I don't see this. "Rights" could be justified or not justified by logic, perhaps, but the ability to make claims about them is different. The ability to make a claim does not equate to the right to make a claim, and while we have the ability to say that rights are not justified by logic, this is not contradictory because we are not invoking a right to do it. (We even have the ability to make a claim about rights and logic that can be shown to be logically inconsistent).
Mcfate, the ability to make a claim, as I see it, is the acquired cognitive ability to engage in some discursive practice (in science, economics, history, ethics, sport, whatever) and to make the kind of assertions which are normatively regarded within that practice as ‘claims’. The making of a claim under those conditions supposes that arguments can be adduced which will allow it to be considered as justified or not justified according to the norms of the practice, which means that a claim has a right to be considered justified when it meets the appropriate normative criteria.

Consequently, I have no difficulty at all in agreeing with you that ‘the ability to make a claim does not equate to the right to make a claim’ because, as I hope that disentanglement may show, that’s not what I’m saying.

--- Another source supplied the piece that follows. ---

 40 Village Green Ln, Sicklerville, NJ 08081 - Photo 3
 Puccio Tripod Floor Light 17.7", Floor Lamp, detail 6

I’m not referring to ‘the ability to make a claim’, but to whether that claim when made has a right to be considered justified in its appropriate context, which was the gist of my comment that you’ve quoted.

What I’m suggesting in general is that ‘... has a right ... ’ is a highly mobile and catch-all predicate which transfers with relative ease from apparently value-free logical assertions to ethically-loaded assertions of all kinds while appearing to import something radically different as it goes.
Quote:
Are you saying that "rights" have the same type of value that fiat currency has? I can certainly see empirical evidence for this.
I think you finger the point precisely, because I understand your question to be about whether the same general kind of metaphysical logic has to be in place for either our money-talk and money-use or our rights-talk and rights-use to have practical empirical significance. So, yes.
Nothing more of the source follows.